50 anos depois Imprimir
Escrito por Gabriel Guidotti   
Segunda, 07 de Abril de 2014 - 17:27

Ditadura-MilitarProteste, lute! Agora você tem liberdade para tal. Esta, aliás, é a batalha mais ingrata pela qual massas se sacrificaram ao longo da história. Onde há poder, sempre há um louco arbitrário que, se não comprimido sobre seus próprios devaneios, fará mau uso da condição privilegiada. Após nocivos precedentes, chegamos a um momento onde ser livre é direito imperativo do brasileiro. A liberdade, entretanto, é condicionada por inúmeras decisões, inúmeros interesses e oligarquias que se revezam em época de eleição.
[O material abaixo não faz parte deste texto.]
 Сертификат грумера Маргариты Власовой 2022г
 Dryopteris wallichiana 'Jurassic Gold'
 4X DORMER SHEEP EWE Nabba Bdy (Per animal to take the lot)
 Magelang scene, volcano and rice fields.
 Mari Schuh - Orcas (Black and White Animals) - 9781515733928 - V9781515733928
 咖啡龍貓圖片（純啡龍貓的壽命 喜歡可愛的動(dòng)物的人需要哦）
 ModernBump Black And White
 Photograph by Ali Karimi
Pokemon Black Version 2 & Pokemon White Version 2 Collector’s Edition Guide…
Em 31 de março de 1964, os militares precipitaram o golpe. No Rio, Jango deixa a sede do governo, translada a Brasília e depois viaja para Porto Alegre. Temendo um banho de sangue, decide não reagir e segue para o exílio no Uruguai, embora a palavra brizolista fervilhasse pela resistência. Com o presidente ainda em solo nacional, o cargo é dado como vago por Auro Moura de Andrade, presidente do Senado. Em 15 de abril, o general Humberto de Alencar Castello Branco assume o poder.
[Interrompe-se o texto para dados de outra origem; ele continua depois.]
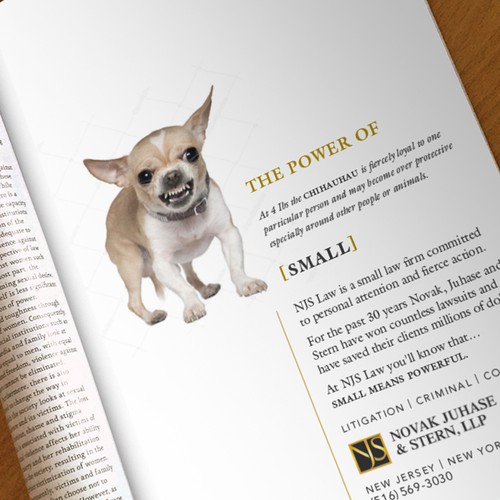 Print Ad for Small Law firm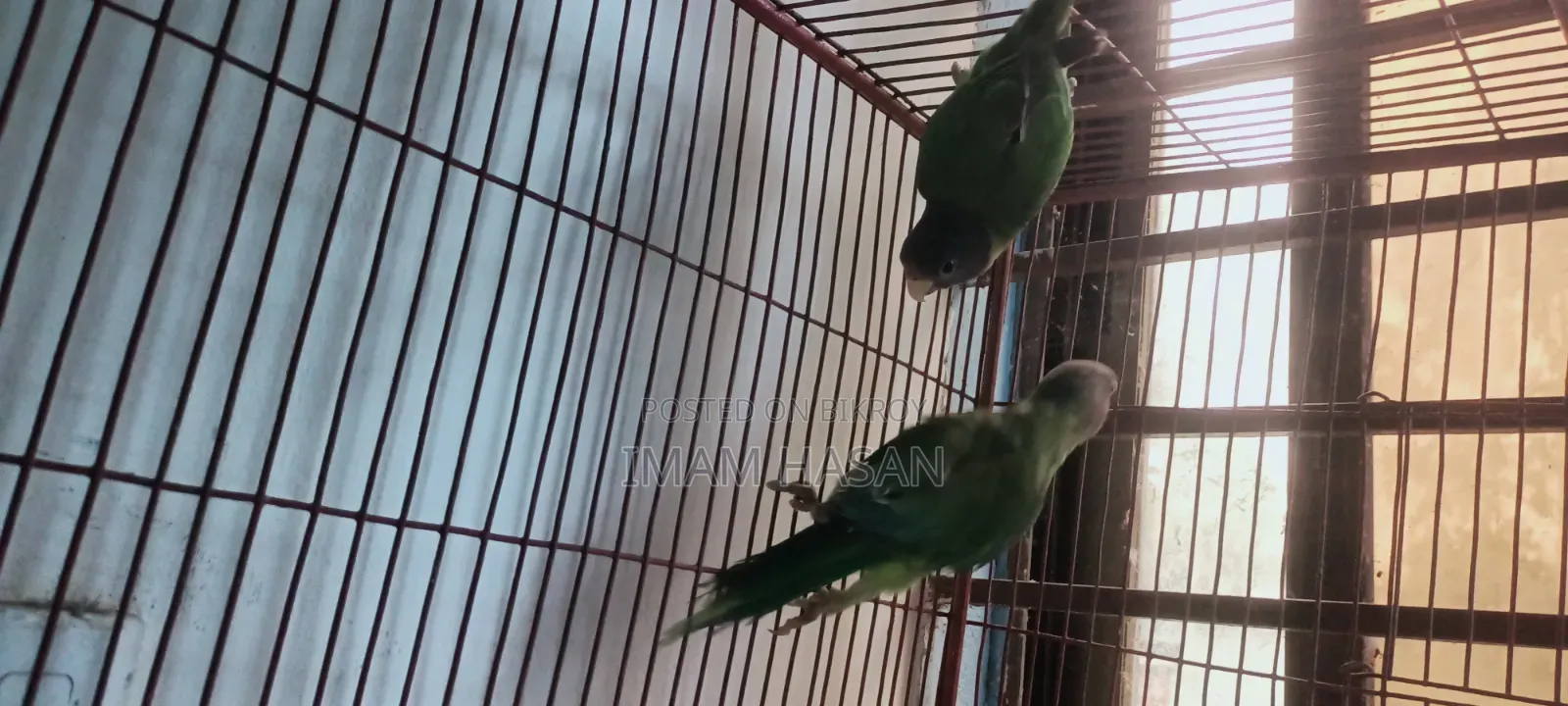 হীরামন টিয়া পাখি বিক্রি হবে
Começava o regime militar. Cinco mandatários – escolhidos pelos votos de seus asseclas – mexeriam nos alicerces brasileiros conforme o sectarismo que lhes era característico, e a postura intransigente da ditadura causaria incontáveis vítimas, engolidas pelo tempo. Da noite para o dia, famílias foram separadas, direitos foram arrancados e políticos tornaram-se prisioneiros. O país viveria 21 anos de censura, abuso da autoridade estatal e a caça constante aos “inimigos”. Um alvo posto em cada cidadão brasileiro, caso não navegassem no ritmo do novo governo. Pluralidade de opiniões, vedada.

Não existia mais civismo. O teor patriótico dos discursos servia para exaltar os anos de chumbo ou para exportar ideias deletérias à opinião pública. Pensar foi uma palavra riscada do dicionário; acatar, no lugar dela. Um homem escravizado instila a mente à revolta, mas escravize a mente de um homem e o corpo a seguirá naturalmente. Esse era o critério dos militares e, devo admitir, deram conta do recado. Dentro do propósito, fizeram um ótimo trabalho. Resta à história condená-los.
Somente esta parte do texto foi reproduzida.